The Animal Rescue Craft Guild said on Monday it has been deluged with offers of help after putting out a call for volunteers to make bat wraps, joey pouches, birds nests, possum boxes, koala mittens and other snuggly homes for marsupials.
Donations to the volunteer-run group have come in from as far afield as the United States, Britain, Hong Kong, France and Germany.
"It's been going crazy," Belinda Orellana, a founding member of the guild, told Reuters. "The response has been amazing."
Blazes across Australia in recent weeks have scorched through 8 million hectares of bushland, an area the size of Austria.
Some experts estimates put the number of animals, including domestic pets and livestock, killed as high as half a billion, with potentially hundreds of thousands of injured and displaced native wildlife.

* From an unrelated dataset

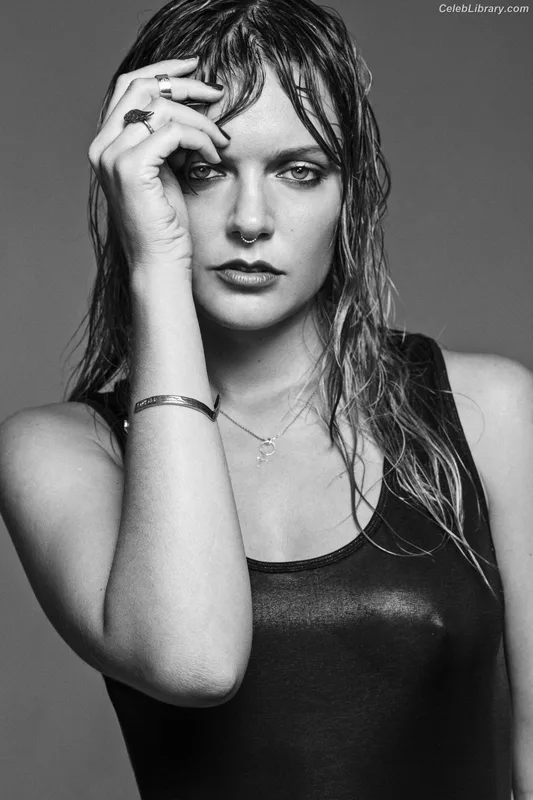 Tove Lo photo 17 of 302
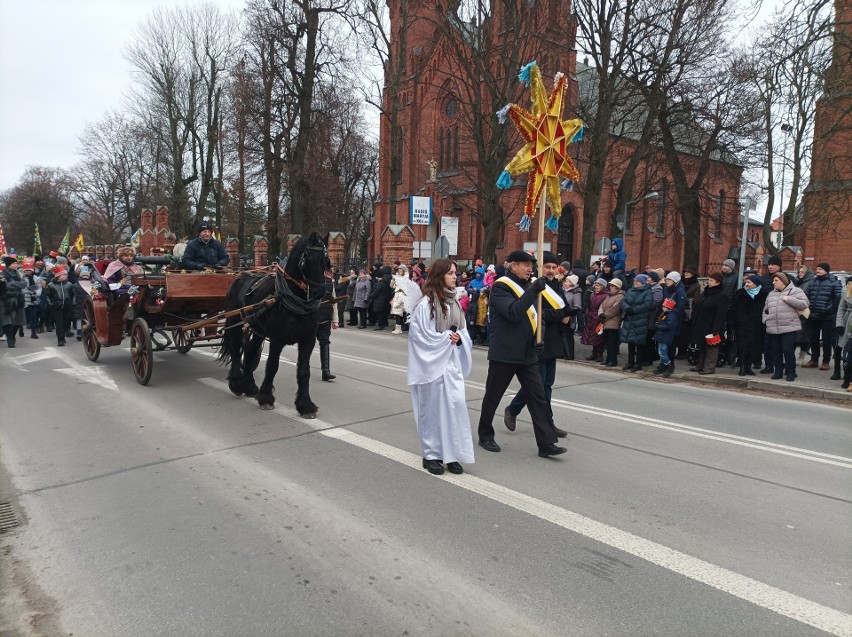 Orszak Trzech Króli w Ostrowi Mazowieckiej. Barwny orszak przeszedł ulicami miasta. 6.01.2023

"It's the poor little souls that survived where we come in," said Orellana. "Our group creates and supplies items to rescue groups and carers around the country who take in and care for the wildlife."
Orellana said the guild supplied thousands of rescue groups around the country and demand was growing, adding there was urgent need for fabric donations.
Originally formed a few months ago to make dog and cat beds and coats for animal pounds, the guild's Facebook page has 75,000 members. Many of the crafters have crocheted, knitted and sewed a range of items including koala mittens for burned paws and pouches for infant "joey" kangaroos who have lost their mothers.
Lara Mackay, a new volunteer who lives in New Zealand, has just made her first makeshift joey pouch, which she enlisted her cat to test out at home.
"I'm planning to make as many as possible and am asking fabric outlets for fabric donations to sew," Mackay told Reuters.
In Singapore, Leslie Kok was working on her fourth joey pouch and meeting up with other volunteers to share materials and tips.
"I will knit as long as there is a need for the pouches," Kok said.
Closer to the fires, Simone Watts in the Blue Mountains outside of Sydney, saw the plea for help and set to work turning pillow cases into beds for bats or flying foxes.
"I looked at the list of what is most needed versus my fairly basic sewing capability and decided I could contribute the bat wraps," Watts said.